(Short web captions)
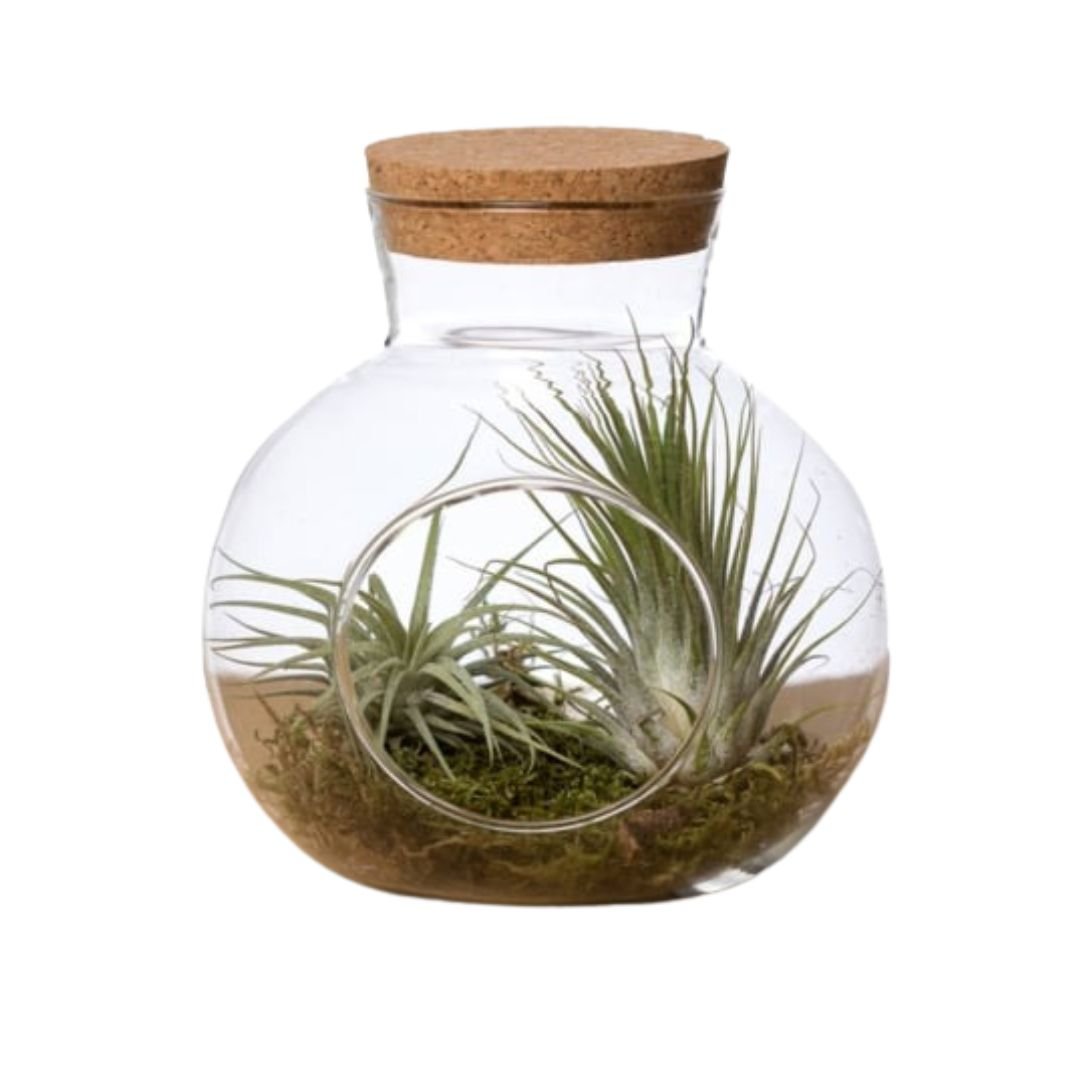 Groot Kurkdop Potje met 2 Airplants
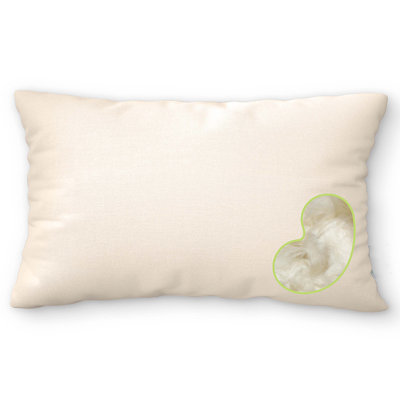 Organic Cotton Pillow with Pillowcase – Organic Kapok Filled Soft Pillow with Hypoallergenic, Breathable Fabric Washable Protector, 20" x 30"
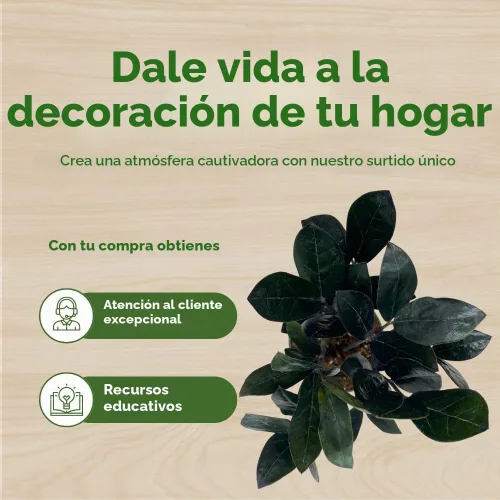 Vista 6 de BubbleBlooms ZZ negro, 4 pulgadas Raven Zamioculcas Zamiifolia Dowon Jet-Black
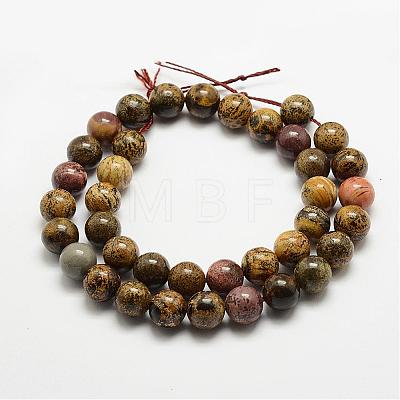 Natural Dendritic Jasper Beads Strands G-E382-07-6mm-1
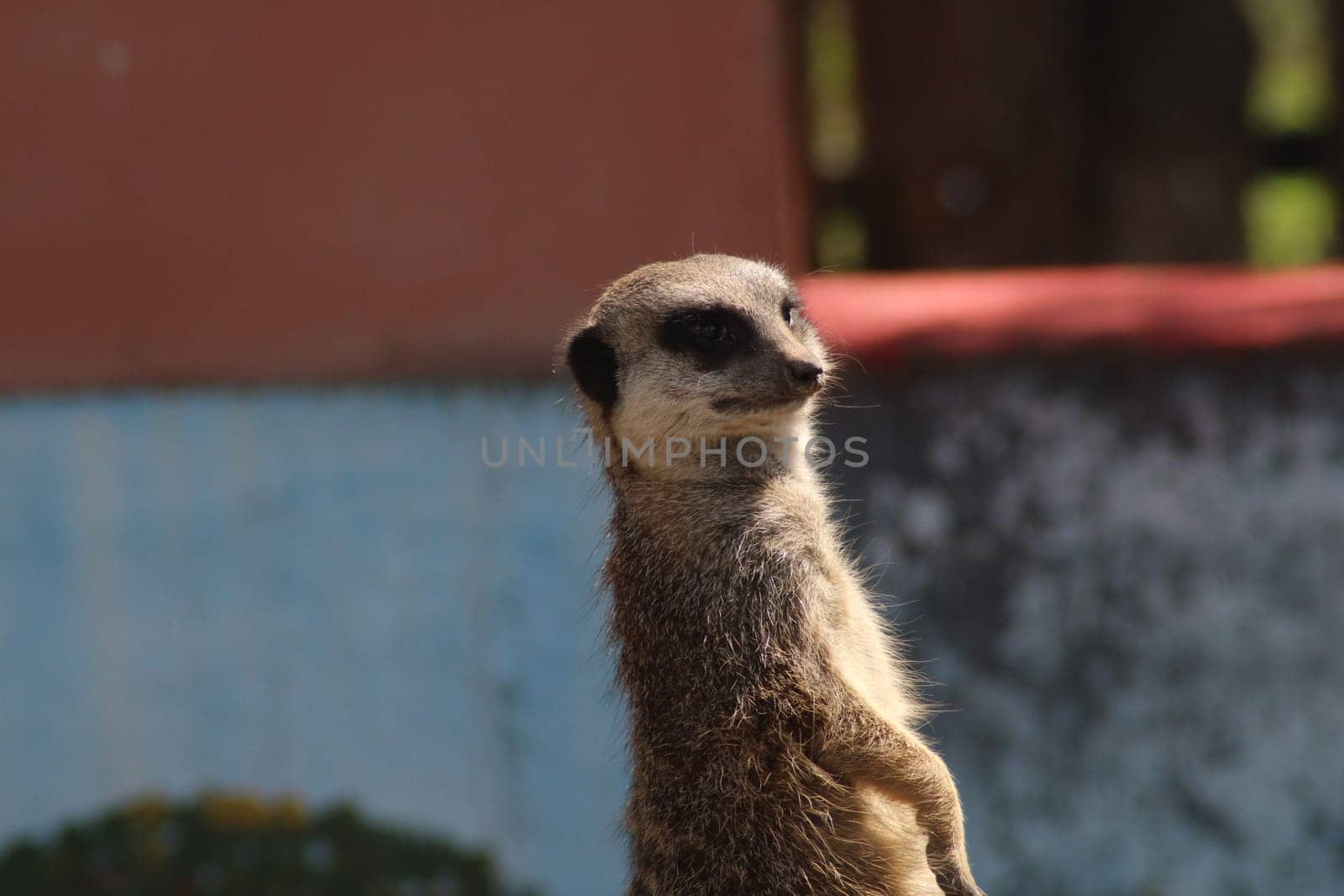 A meerkat observes its surroundings with curiosity while standing upright. The vibrant colors of the habitat enhance the lively atmosphere of the zoo.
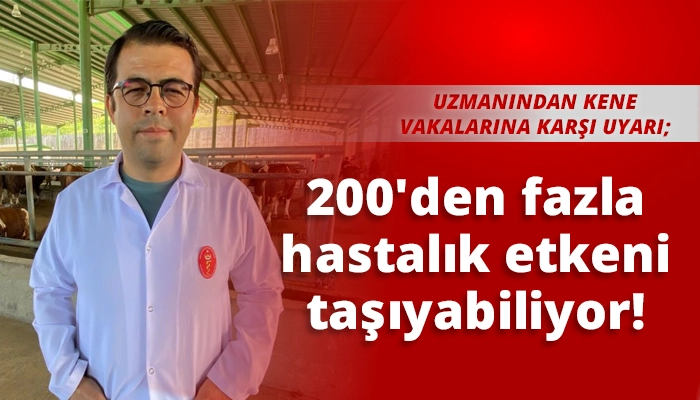 200'den fazla hastalık etkeni taşıyabiliyor!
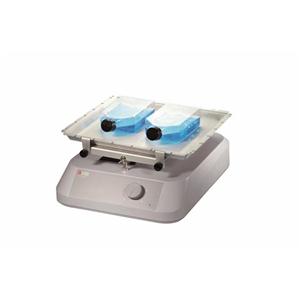 经济型翘板摇床(3kg)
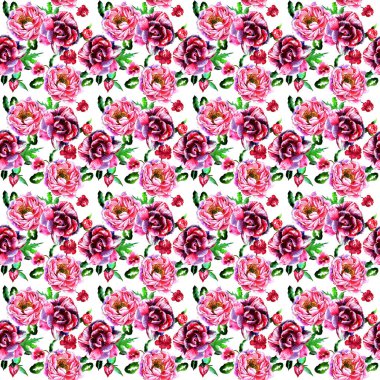 Kır çiçeği peony çiçek deseni izole bir suluboya tarzında.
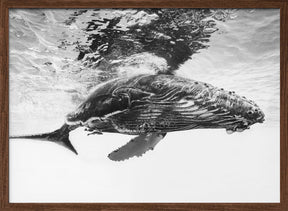 Humpback whale calf Poster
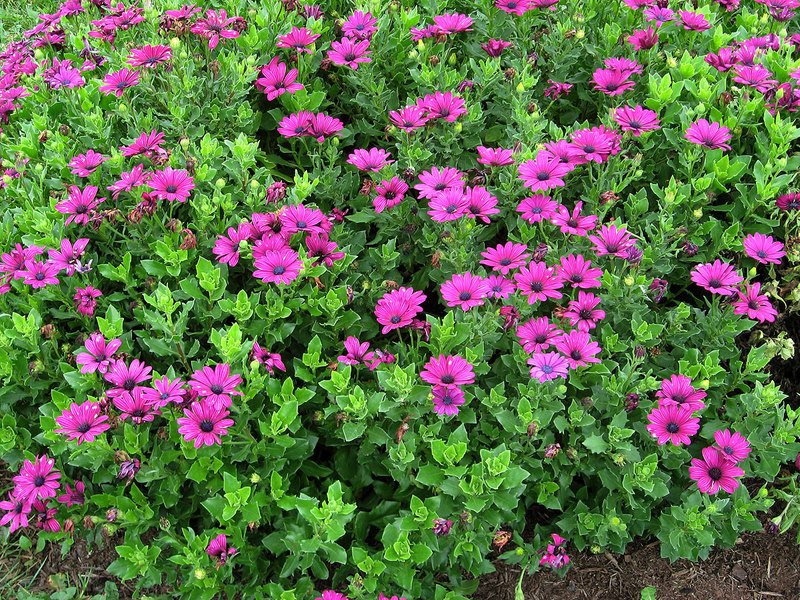 Features of growing osteospermum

» Assigned task: What is needed is an exact restatement of every line from the one containing "经济型翘板摇床(3kg)" through the last line of the records, pictures left out.

» Answer area:
 经济型翘板摇床(3kg)
 Kır çiçeği peony çiçek deseni izole bir suluboya tarzında.
 Humpback whale calf Poster
 Features of growing osteospermum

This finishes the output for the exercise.